Ребенок зеркала (Дольто, Назьо) - страница 24


Ж.-Д. Назьо:

– Замечу в связи с этим, что дорога, которую указывает твоя работа и на которую теперь могут встать другие, ее как раз и открывает проблема тела аналитика в анализе. Но что ты понимаешь под «телом аналитика»?


Ф. Дольто:

– В анализе тело аналитика постоянно находится под воздействием речи другого и в высшей степени чувствительно к его присутствию. В то же время та единица, которую мы называем «телом аналитика» – и которую мы должны бы переименовать для большей точности в «образ тела аналитика», – представляет одну из областей закрепления переноса. Приведем в пример работу с детьми и психотиками; их присутствие часто воздействует, создавая впечатление отсутствия нас в какой-то из частей нашего собственного образа тела. Мы буквально выселены из нас самих. В результате мы защищаемся, относя ребенка или психотика к категории безумных, отказывая ему в возможности быть полноценным собеседником. Раз они не говорят, мы делаем вывод, что сказать им нечего, а значит, нам нечего слушать. Так вот, это абсолютно ложно: ребенок, который не говорит, сам есть речь и целиком и полностью погружен в речь; конечно, при условии, что в нем видят собеседника такого же полноценного, каким могли бы быть вы для себя самого. Важно именно это. Я убеждена, если вы это условие уважаете, даже самые маленькие дети поймут то, что вы им говорите; они не только поймут родной язык, на котором говорят с иностранным акцентом, но даже фонемы чужого языка. А теперь не думайте больше о младенцах, но о слушающем аналитике. Мы говорим о теле психоаналитика, и я думаю, бессознательный образ тела аналитика снабжен той же воспринимающей способностью, что и у младенца по отношению к иностранному языку.
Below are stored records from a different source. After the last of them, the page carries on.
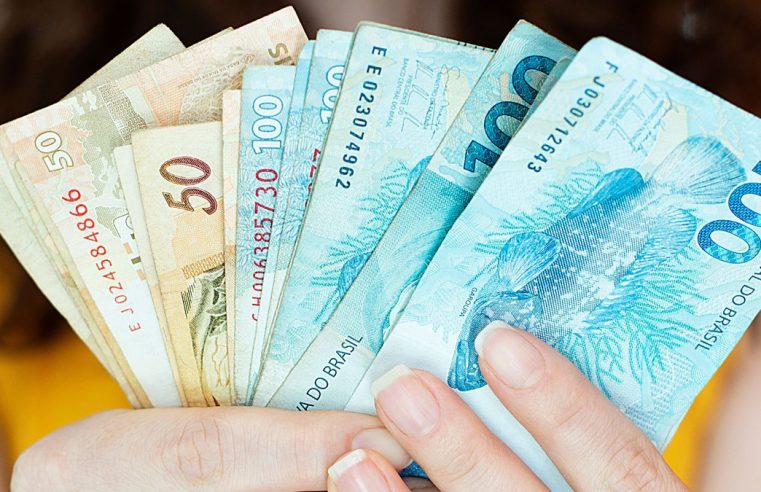 SALÁRIO MÍNIMO DEVE PASSAR POR NOVO AUMENTO AINDA ESTE ANO, DIZ MINISTRO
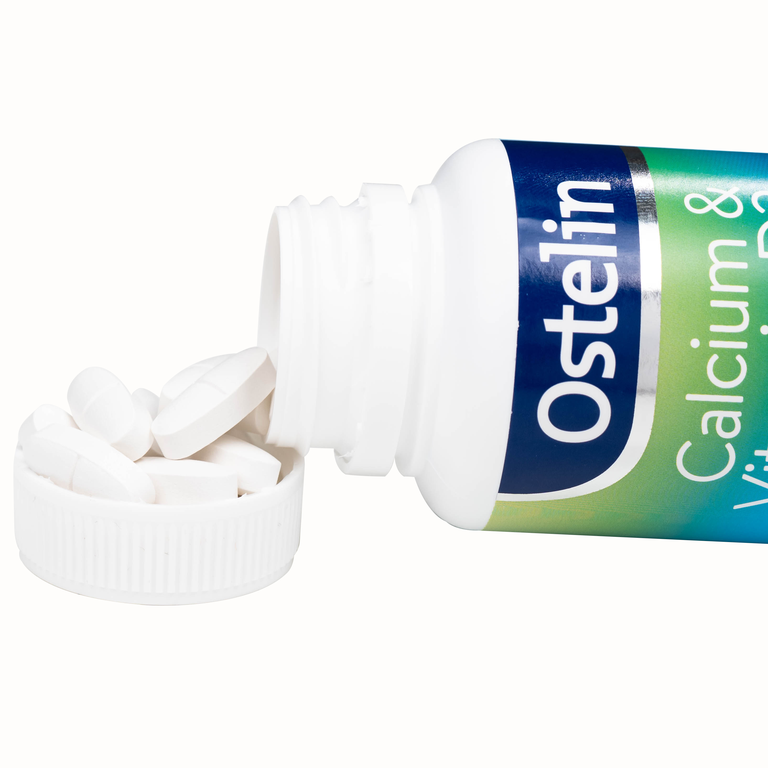 Viên uống Ostelin Calcium & Vitamin D3 Sanofi giúp tăng hấp thụ canxi, duy trì xương và răng chắc khỏe (130 viên)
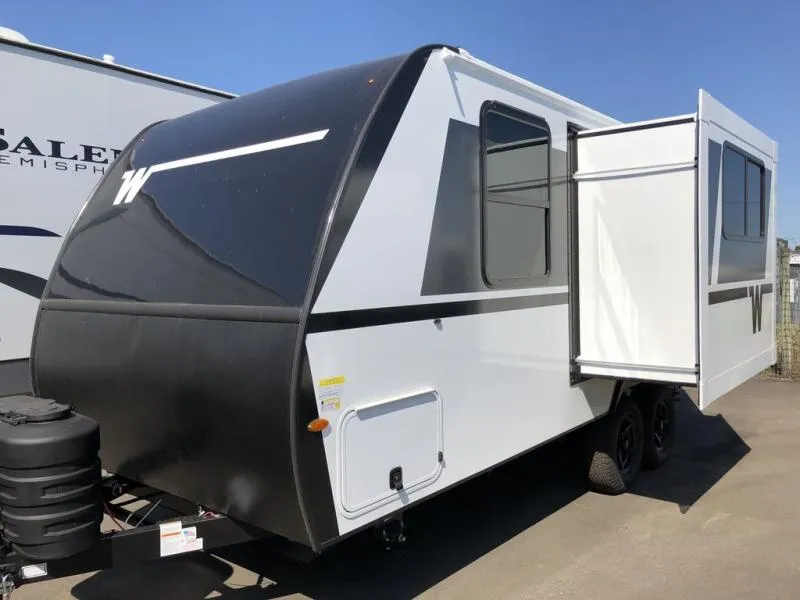 2026 Winnebago Micro Minnie 2108FBS - Photo 4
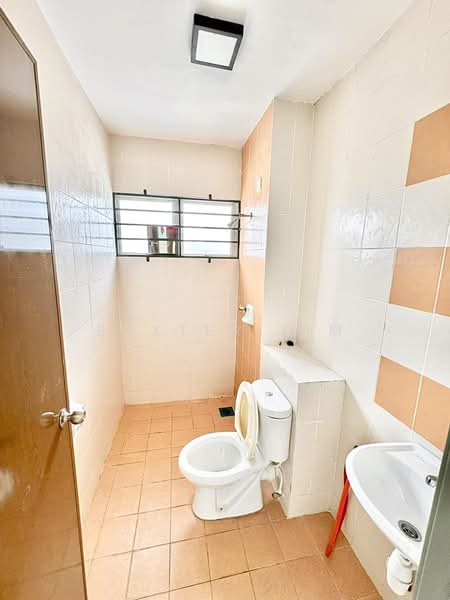 Rumah Teres 2 Tingkat untuk Dijual di Puncak Alam (Selangor) - Baxter Lim - Bathroom - PropertyGuru.com.my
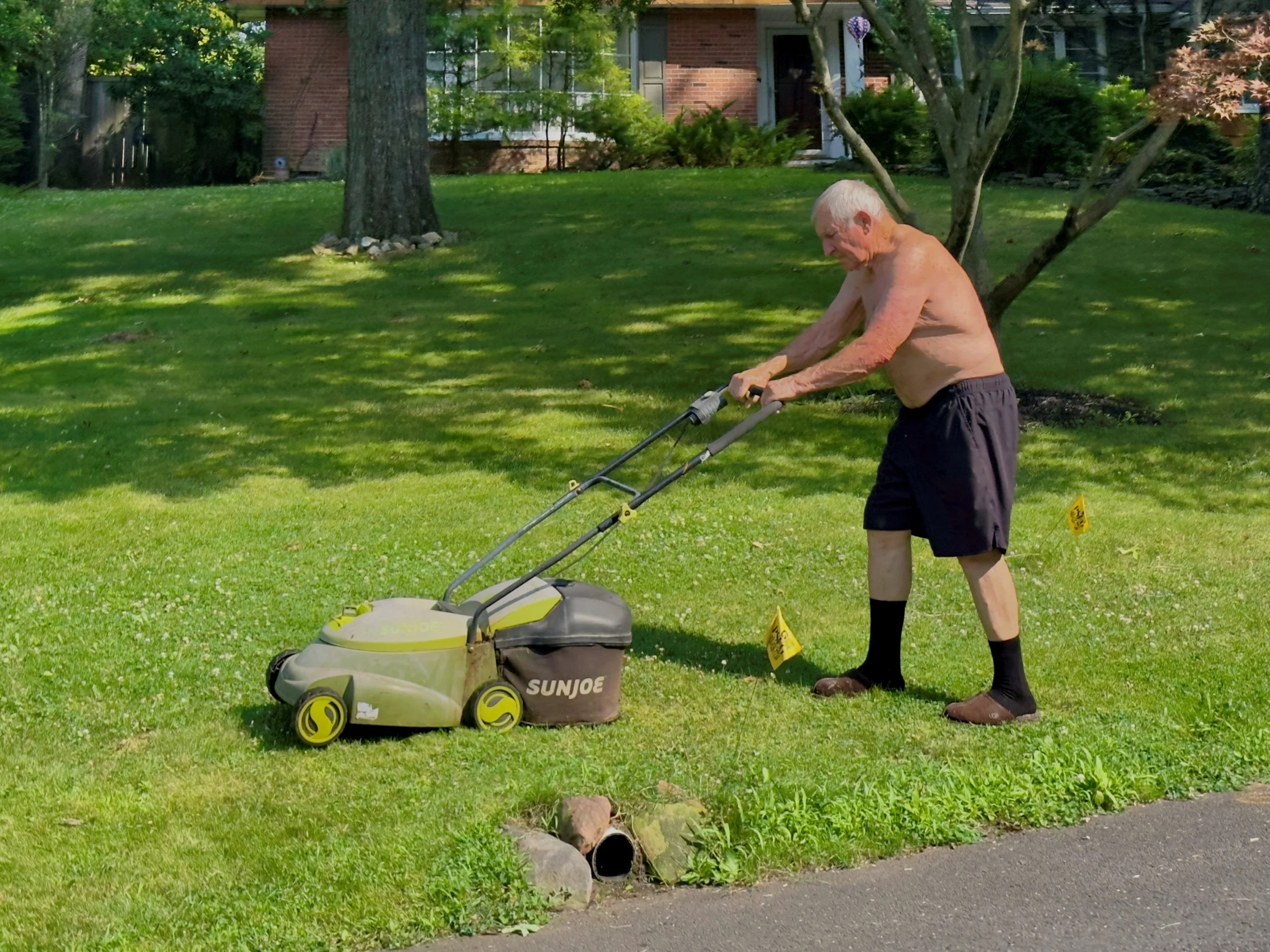 Humans - Lawn Mower - -4593.jpg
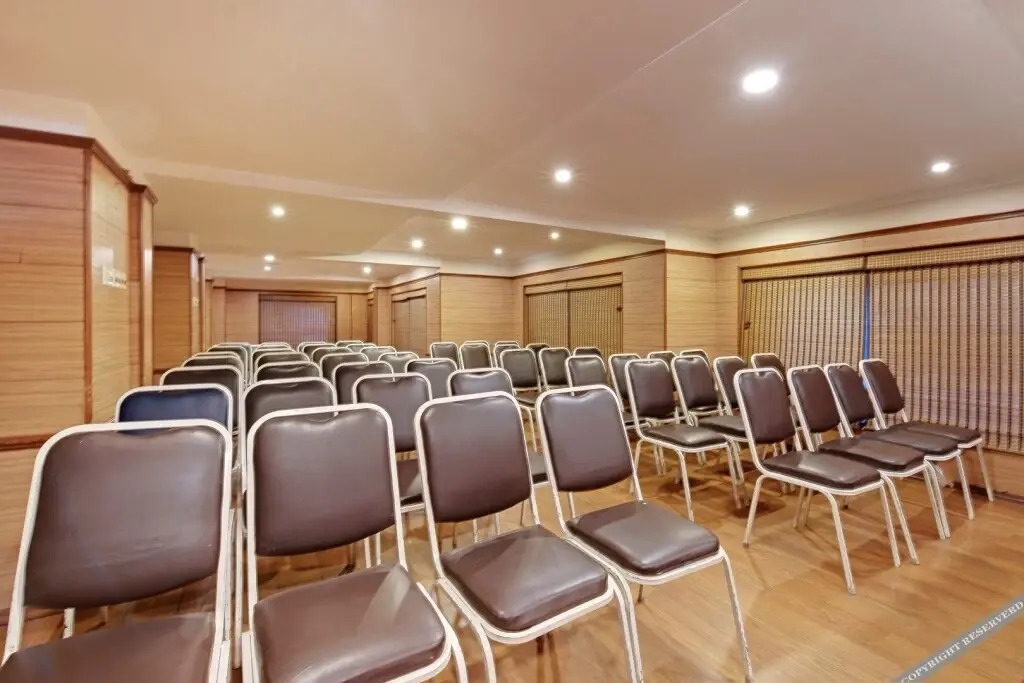 Devi Towers By OYO Rooms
Вот увлекательная история, произошедшая с психоаналитиком, теперь уже покойной. Она является прекрасной иллюстрацией того, как совсем маленький ребенок понимает и удерживает звучащие на незнакомом языке слова; как те же самые слова вновь появляются – спустя годы – в теле этого ставшего уже взрослым ребенка; и наконец, как психоаналитик того самого взрослого может, в свою очередь, воспринять эти слова, давая им возможность записи в себе, в своем собственном образе тела аналитика. Прежде я должна вас предупредить, что незадолго до своей смерти Мюриэль Каэн попросила меня публично засвидетельствовать опыт, о котором я буду сейчас говорить; головокружительный опыт, через который мы прошли вместе, она в качестве анализируемого, а я – в качестве ее психоаналитика. Зная о том, что тяжело больна болезнью Ходжкина и подвергаясь труднопереносимому лечению, терапии кортизоном, она в конце концов пришла ко мне на консультацию после того, как ее прежний аналитик предпочел больше не брать ее на анализ. Поэтому я принимала ее в течение шести месяцев; последних месяцев ее жизни. Несмотря на острое сознание своей болезни, она, однако, игнорировала неотвратимо фатальный прогноз, по сути приговор. Весь этот крайне болезненный период ее деятельность в качестве психоаналитика неустанно продолжалась, с достойными восхищения стойкостью и мужеством.